A reporter for London’s Guardian newspaper seemed a bit taken aback by the c'est la vie (or, perhaps, c’est la mort) attitude of French shoppers who learned this week that the store they were shopping in was built on top of an ancient cemetery.
But perhaps she should not have been. France, after all, is a proudly secular society. And psychological research links a lack of religiosity with a more relaxed attitude toward historical burial grounds.
Several years ago, Pacific Standard interviewed psychologist Jonathan Haidt, who studies the different meanings of the term “morality.” After researching different ethical frameworks, he delineated the different moral impulses that guide liberals and conservatives, and found one of the most divisive is what he terms “purity/sanctity.” Here's his take on that topic, and how it applies to the issue of long-buried human remains:
"The question is: Do you see the world as simply matter?" Haidt asks. "If so, people can do whatever they want, as long as they don't hurt other people. Or do you see more dimensions to life? Do you want to live in a higher, nobler way than simply the pursuit of pleasure? That often requires not acting on your impulses, making sacrifices for others. It implies a reverence — which is a nonrational feeling — towards human life."

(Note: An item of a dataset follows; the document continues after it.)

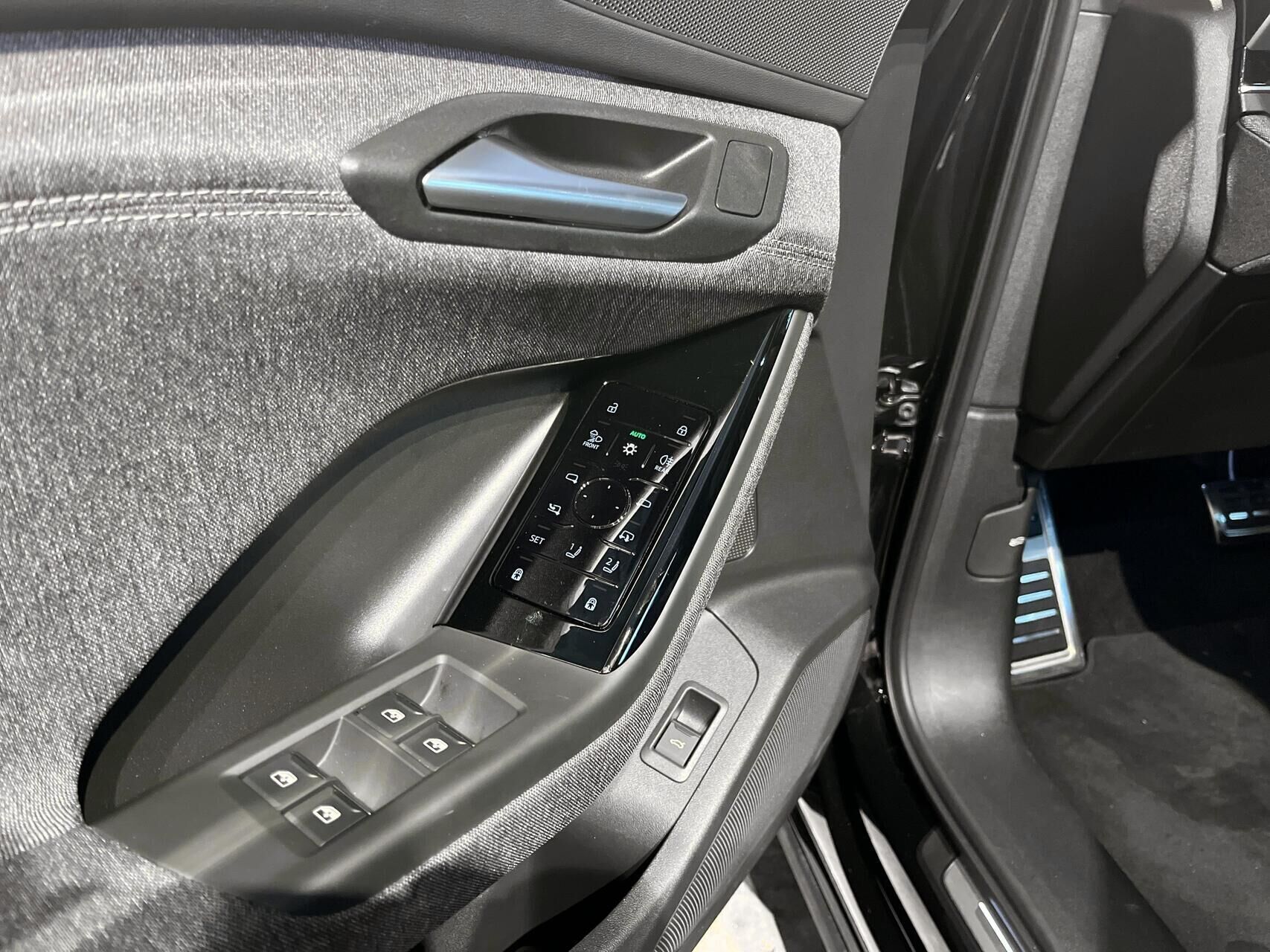 Grå Audi Q6 fra 2025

Consider two letters to the editor in a 2009 issue of the Ventura Breeze. The biweekly newspaper had been chronicling a controversy about a 19th-century cemetery that gradually fell into disrepair and, since the early 1960s, has been used as a dog park. Some descendants of the people buried there were demanding that it be restored as a proper burial place.
"Why is there even a debate?" wrote one angry resident who also referred to the park as a "holy ground," and admonished city officials that their "values and judgment need some serious realignment." But a second reader looked at the controversy from a more practical perspective, noting that public funds are limited in these tough economic times. Besides, he added, "the park is full of life now, and I'm sorry if this sounds harsh, but life is for the living."
Both arguments are rooted in firm moral beliefs. It's just that, for the first correspondent, purity/sanctity is paramount, while for the second it's of minimal importance.
The United States is, of course, a more religious society than France, so it’s not surprising that this debate periodically arises here. The most famous such site in this country is probably the Ancient Burying Ground in Hartford, Connecticut. While, over the decades, a variety of commercial structures have been built over portions of the site (which was used as a cemetery from 1640 to 1803), a list of the names of the dead was published in 1898, and is available online as a sort of memorial.
Often, disputes over ancient cemeteries in this country have racial and ethnic overtones. In 2010, black students at Virginia Commonwealth University protested the fact that a parking lot had been built over a burial ground for slaves. Entities ranging from Walmart to the University of California have been accused of disturbing ancient Indian burial grounds as part of building or expansion projects.
And Miami New Times noted last year that, in 1985, the Miami Dolphins football team built its stadium on ancient Indian burial grounds thought to date back to the year 800 C.E. The newspaper noted that, although the land was carefully sifted by archaeologists who removed all remains and artifacts, Dolphins fans have lingering fears to this day that the team is somehow cursed.
So, you’re on notice, France. If you ever want to win another World Cup, be careful down there. You're disturbing those spirits at your own peril.